自分のように進学を諦めなきゃいけなかったような人が、環境が原因で夢を諦めなくてもいいようにするためにはどうすればいいんだろうと考えたところからCAMPFIREのサービス開発に繋がっていきました。 

そして今、原体験からはじまったサービスではありますが、そこから少しづつ日本の課題に対して視野を広げているような感覚で運営しています。 

「サンタさんが来る」という“日常”を叶えるために 

家入:ブックサンタの活動はクリスマスの体験をできない子どもたち、そして叶えてあげられない大人の方にとって重要な役割を担っているのではないかと思います。 

これまで活動を続けられてきた中で感じることはありますか? 

清輔さん:はい。私たちの活動は、例えば「学校行事と家庭行事」や「日常と非日常」といった軸で分類分けしたとき、クリスマスや誕生日って非日常ともいえるかもしれませんが、毎年必ずやってくるもので「家庭内の日常行事」にあたると思うんです。 

そして家庭内のニーズとしては高いものではあるのですが、各家庭の余暇の範疇でされるものとして公的な資金が入ってこないのが明確な課題で。 

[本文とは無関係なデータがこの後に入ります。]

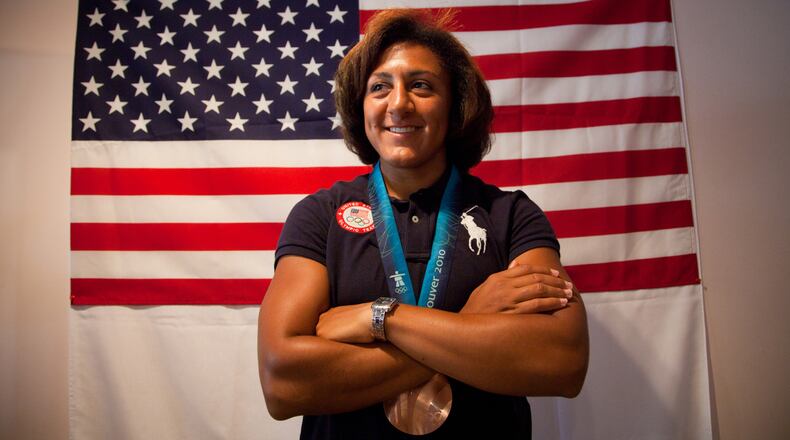 Olympic silver medalist bobsledder Elana Meyers talks with attendees at a fund-raiser in Douglasville Friday, Sept 10, 2010.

でもやはり間違いなくニーズはある。ご家庭からのブックサンタの応募の声はもちろんのこと、団体様からの連携の声も頂けるんです。 

なので、これまで続けてきた中で個人や民間の方からの賛同の力は集まってきましたが、まだまだニーズが何十倍もある状態なので、引き続き活動は拡大していかなければいけないと思っています。 

家入:なるほど。確かに極論になってしまって「生きるために必要なものなのかどうか」で線引きされがちなところはあるかもしれませんね。 

クリスマスというイベントは生きるためには必須ではないかもしれないけれど、子どもたちにとっては自分が愛されたという体験になる。 

その体験が生きていく中でよりどころになるという方もたくさんいるだろうし、すごく大事なものだと思うんです。 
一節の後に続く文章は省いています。